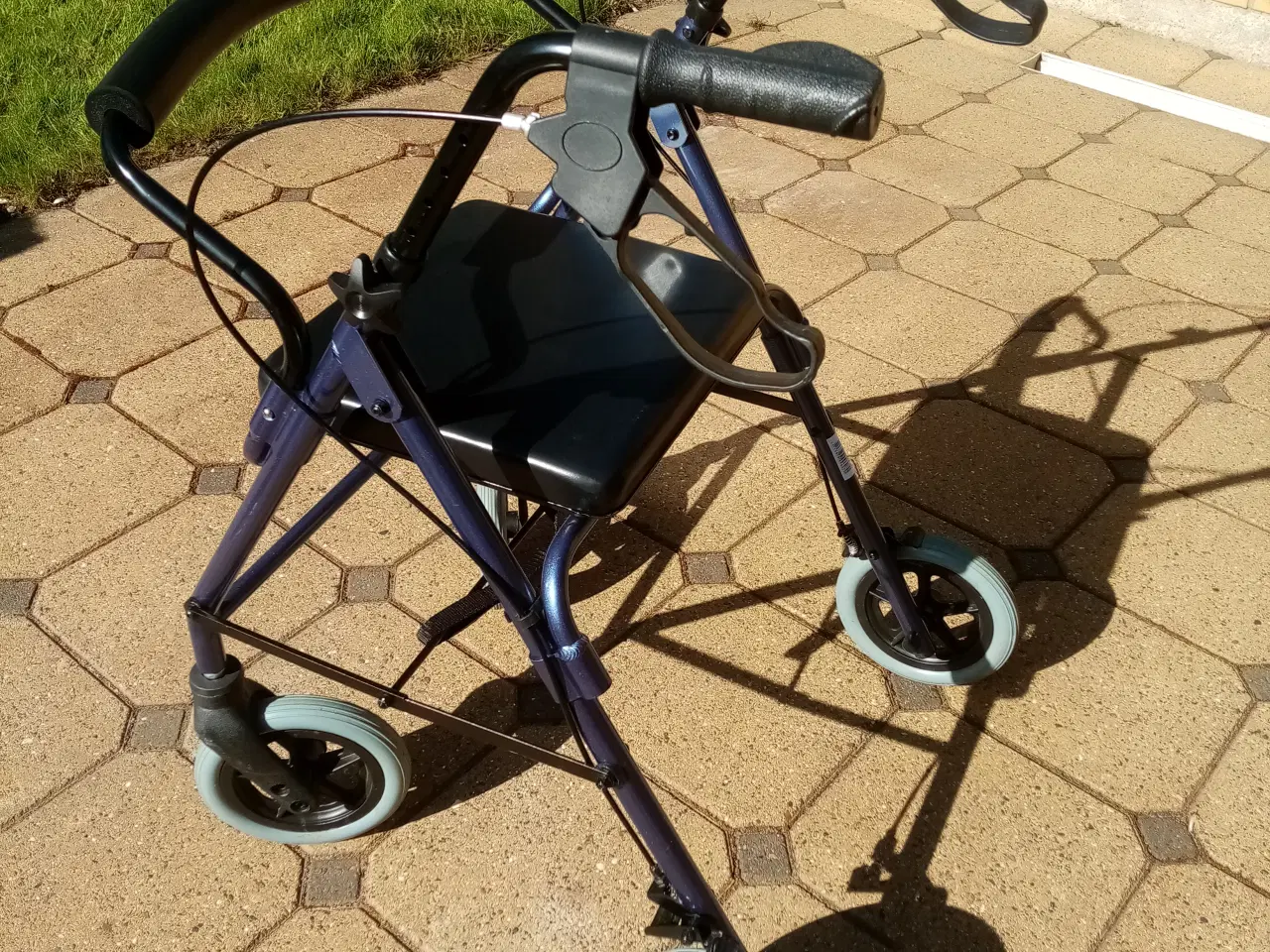 Billede 1 - ROLLATOR Let aluminium 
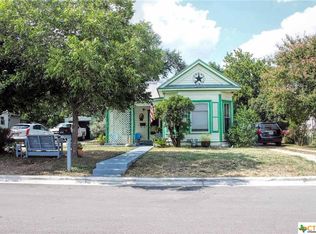 523 Ash St, Lockhart, TX 78644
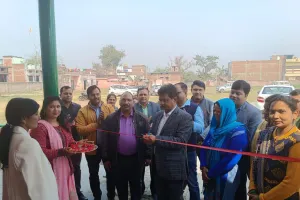 सीएमओ ने राष्ट्रीय कृमि दिवस का फीता काट कर किया उद्घाटन 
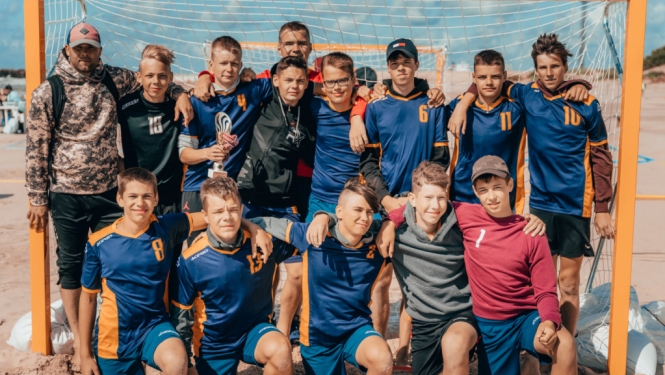 Ludzas NSS piedalās pludmales handbola turnīrā
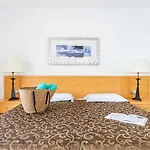 Ona Hollywood Mirage 4*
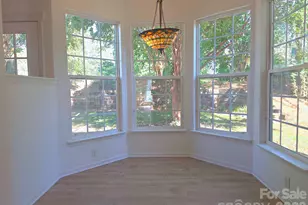 5708 Falls Ridge Ln, Charlotte, NC 28269 - Photo 12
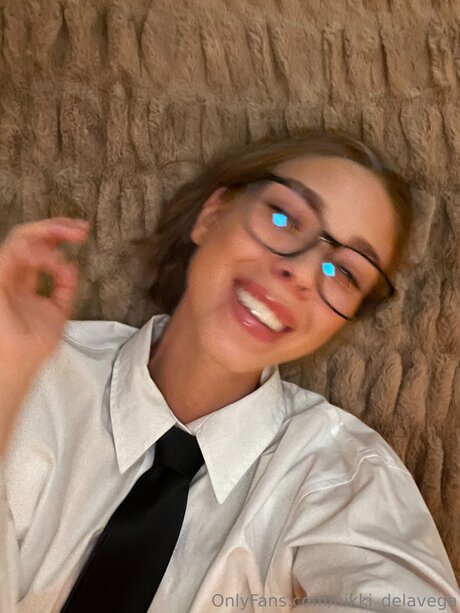 Nikki Delavega sex star picture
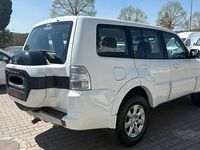 Usata Mitsubishi Pajero Intense 190 CV (139 kW) 2016 Bianco SUV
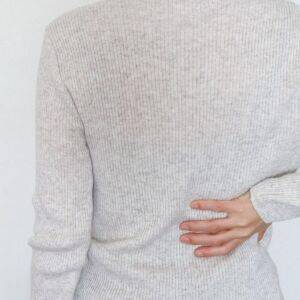 〈猫背〉肩でも背中でもない…みんなが見落としている「ある部位」を変えるとみるみる姿勢が変わる話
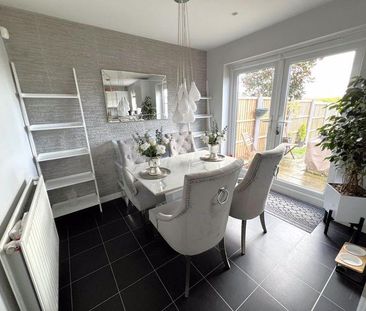 3 bedroom semi-detached house to rent - Photo 1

########################################

## TASK ITEM
The copy you output must match the entries above exactly, except that it has no pictures.

## RESPONSE TO THIS TASK
 Billede 1 - ROLLATOR Let aluminium 
 523 Ash St, Lockhart, TX 78644
 सीएमओ ने राष्ट्रीय कृमि दिवस का फीता काट कर किया उद्घाटन 
 Ludzas NSS piedalās pludmales handbola turnīrā
 Ona Hollywood Mirage 4*
 5708 Falls Ridge Ln, Charlotte, NC 28269 - Photo 12
 Nikki Delavega sex star picture
 Usata Mitsubishi Pajero Intense 190 CV (139 kW) 2016 Bianco SUV
 〈猫背〉肩でも背中でもない…みんなが見落としている「ある部位」を変えるとみるみる姿勢が変わる話
 3 bedroom semi-detached house to rent - Photo 1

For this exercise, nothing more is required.